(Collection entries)
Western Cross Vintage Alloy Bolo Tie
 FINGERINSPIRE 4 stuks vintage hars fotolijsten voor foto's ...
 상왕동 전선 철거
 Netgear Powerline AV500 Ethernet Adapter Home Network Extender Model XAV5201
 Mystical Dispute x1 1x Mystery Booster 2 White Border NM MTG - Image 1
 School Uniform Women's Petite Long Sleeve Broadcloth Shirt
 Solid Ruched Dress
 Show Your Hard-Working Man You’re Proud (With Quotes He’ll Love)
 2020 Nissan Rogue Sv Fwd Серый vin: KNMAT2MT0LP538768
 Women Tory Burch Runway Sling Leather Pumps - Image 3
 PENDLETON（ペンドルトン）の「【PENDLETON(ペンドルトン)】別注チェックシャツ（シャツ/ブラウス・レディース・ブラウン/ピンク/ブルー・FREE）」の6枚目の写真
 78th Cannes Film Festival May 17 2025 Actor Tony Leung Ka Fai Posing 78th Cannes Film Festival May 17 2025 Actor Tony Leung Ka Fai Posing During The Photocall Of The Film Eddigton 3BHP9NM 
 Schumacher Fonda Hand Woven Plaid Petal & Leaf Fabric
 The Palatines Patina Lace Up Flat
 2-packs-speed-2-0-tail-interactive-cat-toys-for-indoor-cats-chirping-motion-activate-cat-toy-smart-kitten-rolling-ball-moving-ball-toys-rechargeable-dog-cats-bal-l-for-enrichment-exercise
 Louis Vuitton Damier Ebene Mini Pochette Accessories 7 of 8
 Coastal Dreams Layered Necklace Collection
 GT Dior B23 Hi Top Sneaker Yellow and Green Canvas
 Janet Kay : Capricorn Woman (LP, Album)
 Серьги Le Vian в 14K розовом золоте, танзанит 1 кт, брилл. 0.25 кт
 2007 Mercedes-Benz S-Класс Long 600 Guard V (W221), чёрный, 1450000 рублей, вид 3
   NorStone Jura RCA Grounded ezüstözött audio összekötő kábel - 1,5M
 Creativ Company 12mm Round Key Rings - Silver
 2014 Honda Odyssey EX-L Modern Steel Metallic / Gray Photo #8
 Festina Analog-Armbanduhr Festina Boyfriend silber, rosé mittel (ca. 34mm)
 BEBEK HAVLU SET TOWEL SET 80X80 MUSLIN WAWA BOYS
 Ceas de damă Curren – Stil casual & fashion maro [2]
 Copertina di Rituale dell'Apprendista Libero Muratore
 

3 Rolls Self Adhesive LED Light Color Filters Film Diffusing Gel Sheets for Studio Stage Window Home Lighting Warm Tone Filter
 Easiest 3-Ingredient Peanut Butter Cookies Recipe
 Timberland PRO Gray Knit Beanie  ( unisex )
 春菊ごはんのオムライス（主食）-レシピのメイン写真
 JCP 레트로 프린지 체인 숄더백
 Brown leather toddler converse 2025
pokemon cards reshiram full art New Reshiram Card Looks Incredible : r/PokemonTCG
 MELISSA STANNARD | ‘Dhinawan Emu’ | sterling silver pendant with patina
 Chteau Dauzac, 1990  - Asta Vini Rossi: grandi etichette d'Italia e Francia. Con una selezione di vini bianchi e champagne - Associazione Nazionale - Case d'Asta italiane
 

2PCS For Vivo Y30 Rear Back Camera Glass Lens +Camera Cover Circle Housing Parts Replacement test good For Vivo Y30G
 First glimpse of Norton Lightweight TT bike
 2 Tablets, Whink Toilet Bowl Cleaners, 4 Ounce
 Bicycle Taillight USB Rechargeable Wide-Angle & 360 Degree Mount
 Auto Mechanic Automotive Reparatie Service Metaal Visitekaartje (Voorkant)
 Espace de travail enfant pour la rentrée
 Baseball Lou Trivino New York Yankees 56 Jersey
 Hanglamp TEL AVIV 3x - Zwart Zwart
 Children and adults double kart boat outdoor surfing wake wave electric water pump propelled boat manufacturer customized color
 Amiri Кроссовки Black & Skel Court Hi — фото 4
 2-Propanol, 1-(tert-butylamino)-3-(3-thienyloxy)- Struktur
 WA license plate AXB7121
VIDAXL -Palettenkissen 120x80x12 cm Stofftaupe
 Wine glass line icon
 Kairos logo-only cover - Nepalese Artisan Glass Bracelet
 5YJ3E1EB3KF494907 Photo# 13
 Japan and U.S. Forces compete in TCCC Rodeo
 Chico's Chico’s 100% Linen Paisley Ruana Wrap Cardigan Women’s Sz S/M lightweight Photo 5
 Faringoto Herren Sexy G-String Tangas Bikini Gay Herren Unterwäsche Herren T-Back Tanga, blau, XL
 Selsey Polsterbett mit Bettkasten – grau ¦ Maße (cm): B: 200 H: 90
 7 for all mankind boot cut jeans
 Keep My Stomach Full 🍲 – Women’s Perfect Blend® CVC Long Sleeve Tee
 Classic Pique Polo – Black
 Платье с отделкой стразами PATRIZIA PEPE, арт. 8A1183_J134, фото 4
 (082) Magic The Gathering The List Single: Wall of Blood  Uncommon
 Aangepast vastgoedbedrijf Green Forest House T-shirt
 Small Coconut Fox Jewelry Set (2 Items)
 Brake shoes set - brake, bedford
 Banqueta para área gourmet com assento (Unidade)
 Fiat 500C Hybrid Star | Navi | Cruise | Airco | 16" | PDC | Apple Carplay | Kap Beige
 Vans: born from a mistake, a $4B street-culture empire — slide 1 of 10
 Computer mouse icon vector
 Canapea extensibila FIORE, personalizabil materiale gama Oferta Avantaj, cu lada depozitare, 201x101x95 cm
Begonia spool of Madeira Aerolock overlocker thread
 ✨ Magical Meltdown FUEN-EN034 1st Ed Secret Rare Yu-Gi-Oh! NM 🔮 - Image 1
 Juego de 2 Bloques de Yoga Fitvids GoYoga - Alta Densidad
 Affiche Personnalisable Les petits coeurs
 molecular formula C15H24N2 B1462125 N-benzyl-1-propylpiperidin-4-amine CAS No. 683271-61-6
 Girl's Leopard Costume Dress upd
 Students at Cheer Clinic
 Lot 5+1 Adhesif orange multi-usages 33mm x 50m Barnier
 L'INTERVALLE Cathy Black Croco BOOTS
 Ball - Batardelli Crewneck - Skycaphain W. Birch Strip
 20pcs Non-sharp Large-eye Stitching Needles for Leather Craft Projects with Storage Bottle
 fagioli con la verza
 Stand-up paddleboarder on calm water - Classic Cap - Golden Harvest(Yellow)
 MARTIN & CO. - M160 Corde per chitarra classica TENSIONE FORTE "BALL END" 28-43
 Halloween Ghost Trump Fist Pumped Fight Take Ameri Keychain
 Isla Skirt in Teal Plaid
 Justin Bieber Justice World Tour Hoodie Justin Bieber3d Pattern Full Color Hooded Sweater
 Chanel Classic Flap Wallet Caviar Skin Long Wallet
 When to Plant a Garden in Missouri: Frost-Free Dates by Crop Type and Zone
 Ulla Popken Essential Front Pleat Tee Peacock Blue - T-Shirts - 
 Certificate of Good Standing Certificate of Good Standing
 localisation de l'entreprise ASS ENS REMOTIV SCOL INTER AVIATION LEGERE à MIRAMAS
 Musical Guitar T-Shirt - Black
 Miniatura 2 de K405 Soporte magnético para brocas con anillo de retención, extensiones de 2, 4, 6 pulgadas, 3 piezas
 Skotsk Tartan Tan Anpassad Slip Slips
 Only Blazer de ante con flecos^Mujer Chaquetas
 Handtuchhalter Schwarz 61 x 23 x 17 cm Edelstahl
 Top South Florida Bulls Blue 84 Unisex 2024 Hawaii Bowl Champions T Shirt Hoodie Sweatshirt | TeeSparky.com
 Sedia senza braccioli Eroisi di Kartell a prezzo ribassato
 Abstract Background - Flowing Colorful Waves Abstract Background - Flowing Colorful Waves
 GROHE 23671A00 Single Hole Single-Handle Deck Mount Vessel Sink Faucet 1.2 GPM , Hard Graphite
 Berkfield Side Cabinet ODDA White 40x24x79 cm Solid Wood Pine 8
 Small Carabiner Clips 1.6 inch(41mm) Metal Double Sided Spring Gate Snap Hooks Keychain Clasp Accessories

#### WHAT THIS TASK INVOLVES:
Here the output must be the lines above from the line with "MARTIN & CO." to the line with "Certificate of Good Standing Certificate", both included, duplicated word for word and nothing else.

#### OUTPUT OF THE EXERCISE:
 MARTIN & CO. - M160 Corde per chitarra classica TENSIONE FORTE "BALL END" 28-43
 Halloween Ghost Trump Fist Pumped Fight Take Ameri Keychain
 Isla Skirt in Teal Plaid
 Justin Bieber Justice World Tour Hoodie Justin Bieber3d Pattern Full Color Hooded Sweater
 Chanel Classic Flap Wallet Caviar Skin Long Wallet
 When to Plant a Garden in Missouri: Frost-Free Dates by Crop Type and Zone
 Ulla Popken Essential Front Pleat Tee Peacock Blue - T-Shirts - 
 Certificate of Good Standing Certificate of Good Standing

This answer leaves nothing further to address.